--- WHAT TO PRODUCE ---
Using the entries that follow, collect the lines where the word "Image" appears.
════════
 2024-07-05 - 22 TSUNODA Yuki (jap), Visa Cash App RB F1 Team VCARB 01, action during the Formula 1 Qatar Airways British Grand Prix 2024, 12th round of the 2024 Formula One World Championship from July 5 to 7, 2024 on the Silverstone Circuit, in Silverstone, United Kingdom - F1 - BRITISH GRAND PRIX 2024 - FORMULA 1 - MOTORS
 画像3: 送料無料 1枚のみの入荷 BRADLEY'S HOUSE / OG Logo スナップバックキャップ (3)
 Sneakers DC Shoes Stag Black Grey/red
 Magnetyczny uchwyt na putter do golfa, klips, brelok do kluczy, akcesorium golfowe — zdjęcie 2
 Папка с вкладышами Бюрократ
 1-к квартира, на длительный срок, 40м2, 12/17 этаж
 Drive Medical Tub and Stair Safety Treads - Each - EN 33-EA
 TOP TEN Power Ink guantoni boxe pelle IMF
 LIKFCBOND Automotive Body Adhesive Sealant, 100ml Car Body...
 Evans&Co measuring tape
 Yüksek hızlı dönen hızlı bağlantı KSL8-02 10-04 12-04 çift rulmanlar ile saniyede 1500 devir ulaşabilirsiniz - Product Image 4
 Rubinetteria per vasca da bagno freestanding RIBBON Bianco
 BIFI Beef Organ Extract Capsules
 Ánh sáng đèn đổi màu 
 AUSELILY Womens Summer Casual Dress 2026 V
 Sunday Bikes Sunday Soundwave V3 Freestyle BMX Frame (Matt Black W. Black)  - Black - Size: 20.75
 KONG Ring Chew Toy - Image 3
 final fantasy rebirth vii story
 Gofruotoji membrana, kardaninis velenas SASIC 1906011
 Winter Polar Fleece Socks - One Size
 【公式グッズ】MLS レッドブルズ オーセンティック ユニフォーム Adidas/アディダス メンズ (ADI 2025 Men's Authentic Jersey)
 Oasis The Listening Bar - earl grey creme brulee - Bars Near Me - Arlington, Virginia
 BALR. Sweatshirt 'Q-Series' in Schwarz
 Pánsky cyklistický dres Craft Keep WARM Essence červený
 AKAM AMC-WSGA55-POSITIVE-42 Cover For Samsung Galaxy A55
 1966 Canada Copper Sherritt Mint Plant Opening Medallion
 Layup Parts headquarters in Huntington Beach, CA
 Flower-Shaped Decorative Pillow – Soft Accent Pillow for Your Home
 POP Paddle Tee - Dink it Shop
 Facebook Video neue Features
════════
--- YOUR SOLUTION ---
 Yüksek hızlı dönen hızlı bağlantı KSL8-02 10-04 12-04 çift rulmanlar ile saniyede 1500 devir ulaşabilirsiniz - Product Image 4
 KONG Ring Chew Toy - Image 3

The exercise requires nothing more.